Me & my hubs had a really good :rofl: about this question last night sitting in the bathtub, trying to describe what you want to ask your wife, I was rolling up a storm getting to that part..... it was alot of fun. Thank you. I get alot of entertainment off this forum at times. 

I think your reply makes sense, so long as you are a loving caring husband in all other ways...know & please your wife with sensual love making also... I wouldn't find the expressing this as objectifying or offending...I might think "Whoooaaaa" at first, laugh ... but then I would be daring.... and look upon it like an Erotic "Fear Factor" stint ....all in the game of love.


----------



## Cosmos

The idea with oral, surely, is to swallow as quickly as possible. Very few women actually like the taste / texture of semen, and 'deep throat' so as not to gag or show their dislke for the taste / texture of it to their partners. Actually _drawing out the process_ in order to get her to drink it from a glass, in front of him, is pushing the boundaries way too far.

I really must stop reading these sort of threads.


----------



## Gaia

As much as this thread .. grossed me out.. and yes I threw up a lil in my mouth as well... I'm still going to ask H about this when he gets home.. lol. I'd never do it.. and it's gross imo... but that's my viewpoint... To those who are capable of stomaching something like that... good for you, just not my thing.. lol.


----------



## Gaia

Cosmos said:


> I really must stop reading these sort of threads.


^^^ Same!! :iagree:


----------



## Gaia

humanbecoming said:


> Gaia if your hubby agrees to drink it, maybe let others know how well he did? Any tips?
> 
> :rofl:
> 
> I need to stay in social....


Waiiiit... i thought this was about the woman drinking the mans cum from a glass... not the other way around????


----------



## Gaia

Or is it.. him drinking his own cum from a glass? I'm confused.... either way it's gross imo... lol


----------



## As You Wish

I just asked DH if this would be a turn on for him.
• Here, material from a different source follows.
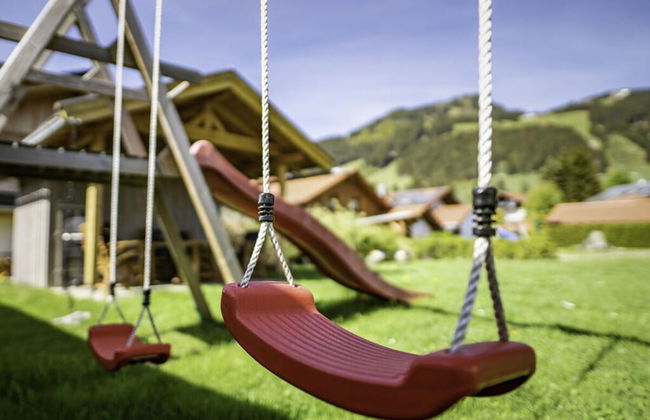 Cosy Apartment in Bolsterlang - Foto 12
His answer was no. Whew.


----------



## frankieg

i am a guy and i it would not do anything for me to see. so i would not even ask. i agree with the other comments...lay off the porn bud lol


----------



## La Rose Noire

Trenton said:


> Nah, you're pretty gross and I truly hope this never becomes my regular cup of tea for sure.


Um I never said it should be your cup of tea. 

It's okay. You think I'm gross, I think you're sexually repressed. 


_Posted via Mobile Device_


----------



## sinnister

What 2 people do in the presence of thier own home is their business.

We have no right to judge as long as both are consenting. Jeez. This place is like a convent sometimes.

And no it does nothing for me either. But I just feel you guys are way over the top in your protestations.


----------



## La Rose Noire

sinnister said:


> What 2 people do in the presence of thier own home is their business.
> 
> We have no right to judge as long as both are consenting. Jeez. This place is like a convent sometimes.
> 
> And no it does nothing for me either. But I just feel you guys are way over the top in your protestations.


Thank you. 

I only posted to offer insight, and have people understand that it wasn't about being objectified or disrespected. I did not expect to be made fun of. I expect that kind of behavior from children, not adults.
_Posted via Mobile Device_


----------



## Gaia

sinnister said:


> What 2 people do in the presence of thier own home is their business.
> 
> We have no right to judge as long as both are consenting. Jeez.
> 
> And no it does nothing for me either. But I just feel you guys are way over the top in your protestations.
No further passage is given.